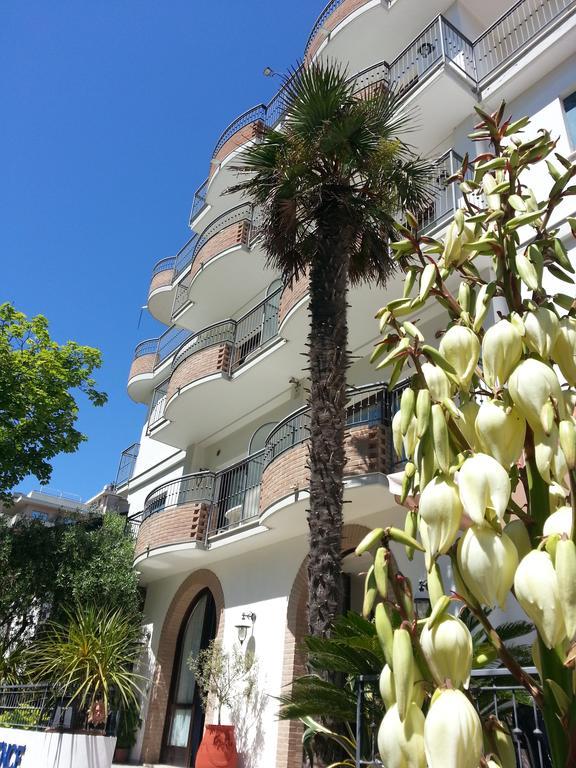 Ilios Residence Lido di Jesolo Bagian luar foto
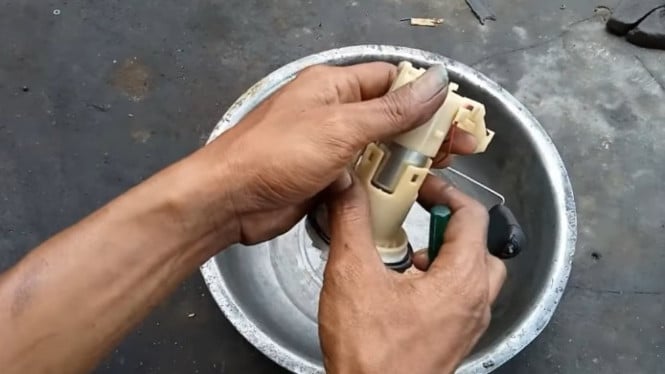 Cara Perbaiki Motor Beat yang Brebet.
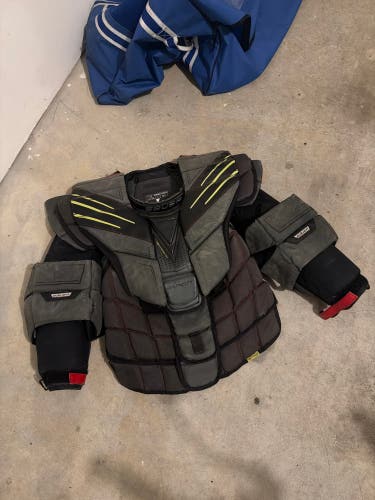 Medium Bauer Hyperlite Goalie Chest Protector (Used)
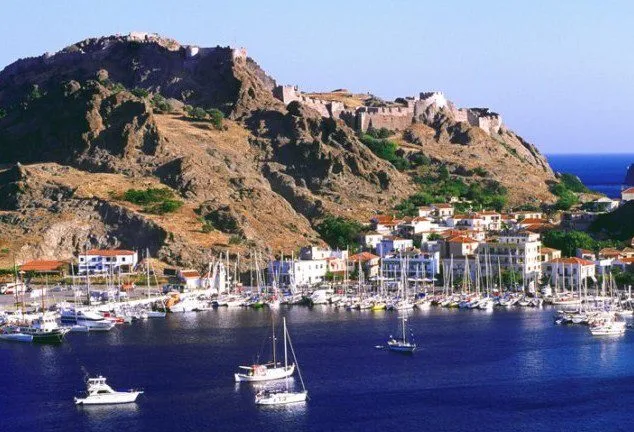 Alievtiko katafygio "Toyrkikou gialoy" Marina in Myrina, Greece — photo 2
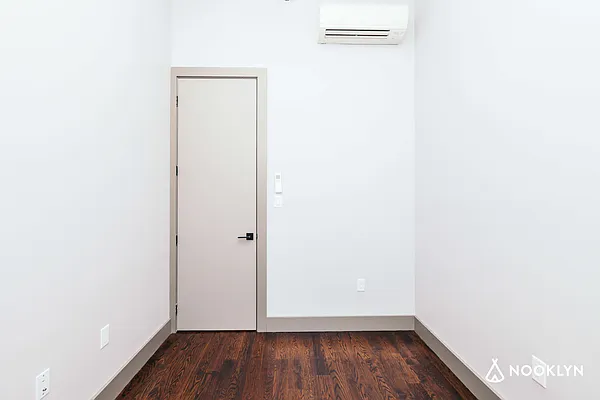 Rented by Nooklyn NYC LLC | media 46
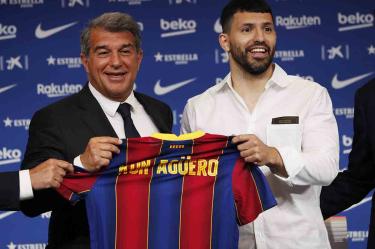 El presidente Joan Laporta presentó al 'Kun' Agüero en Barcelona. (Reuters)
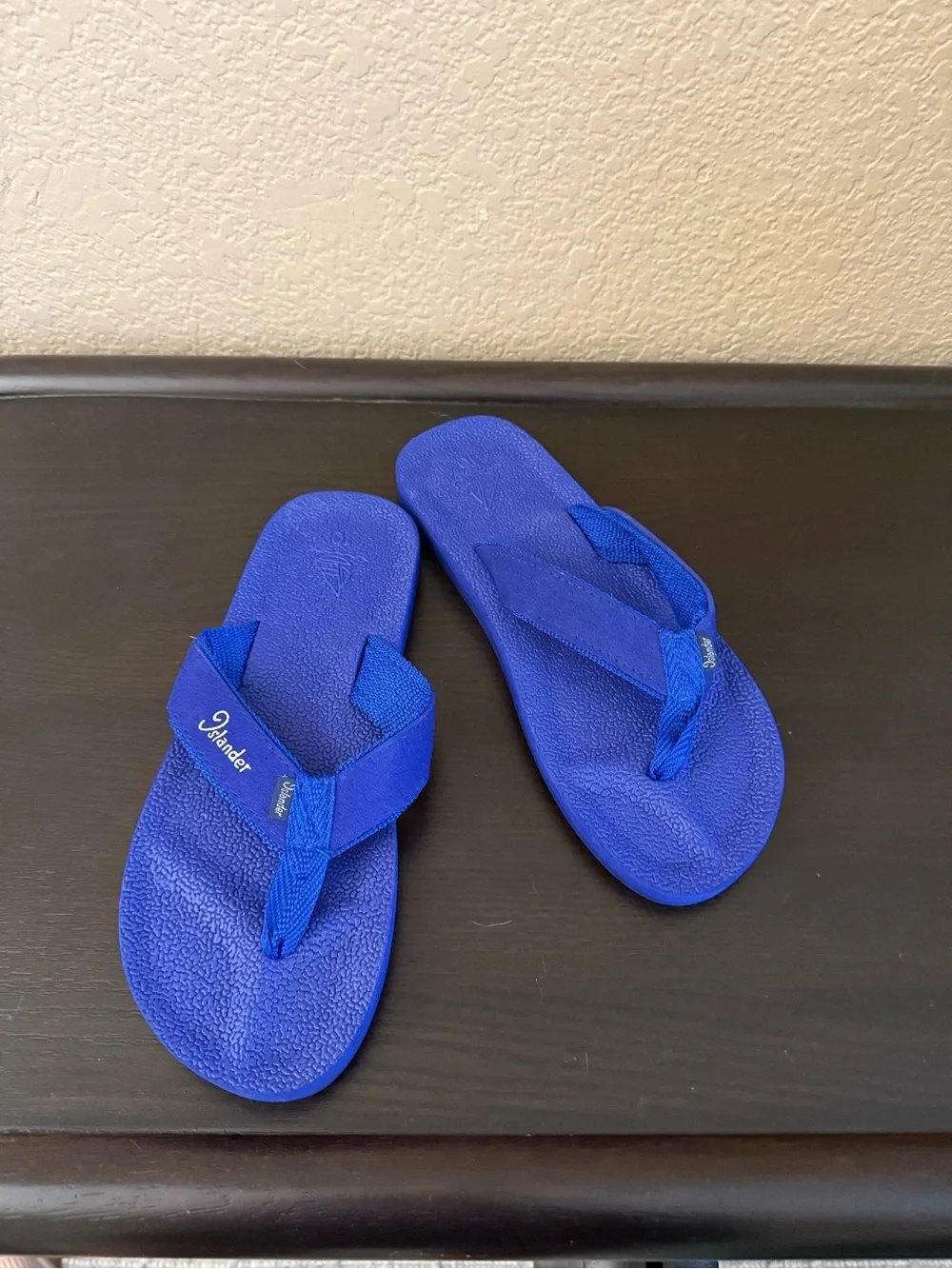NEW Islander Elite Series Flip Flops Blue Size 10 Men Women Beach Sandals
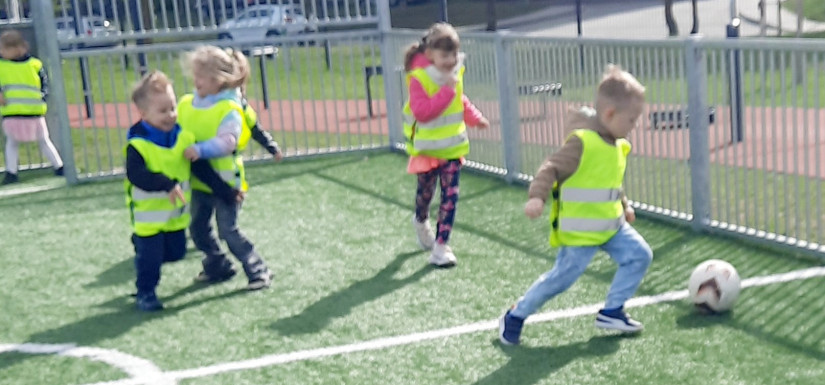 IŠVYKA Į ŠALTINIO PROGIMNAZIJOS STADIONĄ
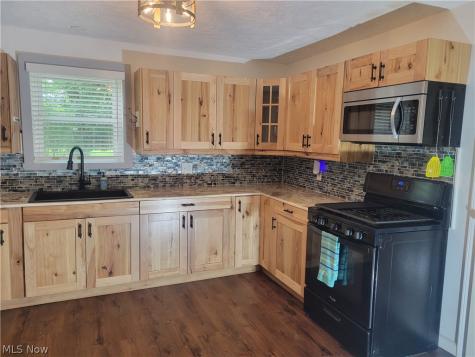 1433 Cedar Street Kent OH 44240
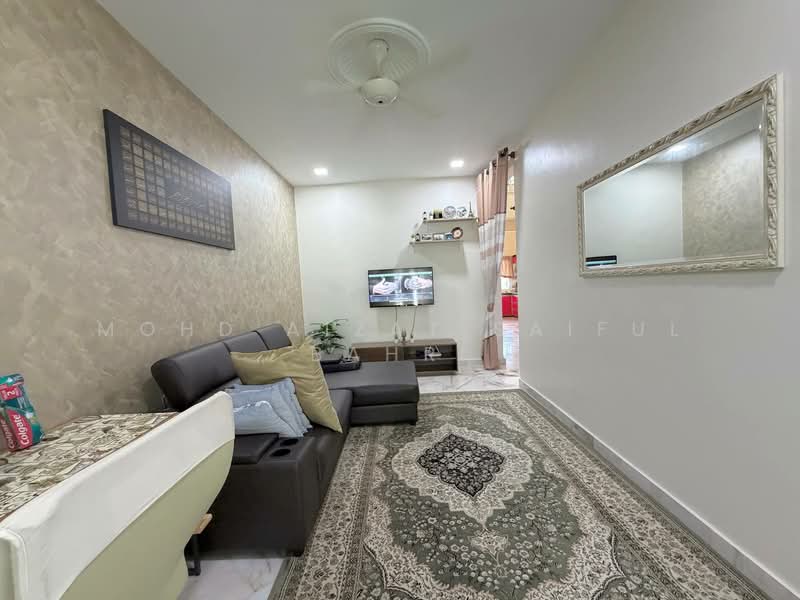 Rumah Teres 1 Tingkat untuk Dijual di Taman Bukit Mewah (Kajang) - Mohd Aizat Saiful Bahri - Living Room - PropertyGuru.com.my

——

### Task description
Quote exactly the lines from the line that contains "NEW Islander Elite" through the last line of the listing, please, leaving out all pictures.

### Expected output
NEW Islander Elite Series Flip Flops Blue Size 10 Men Women Beach Sandals
 IŠVYKA Į ŠALTINIO PROGIMNAZIJOS STADIONĄ
 1433 Cedar Street Kent OH 44240
 Rumah Teres 1 Tingkat untuk Dijual di Taman Bukit Mewah (Kajang) - Mohd Aizat Saiful Bahri - Living Room - PropertyGuru.com.my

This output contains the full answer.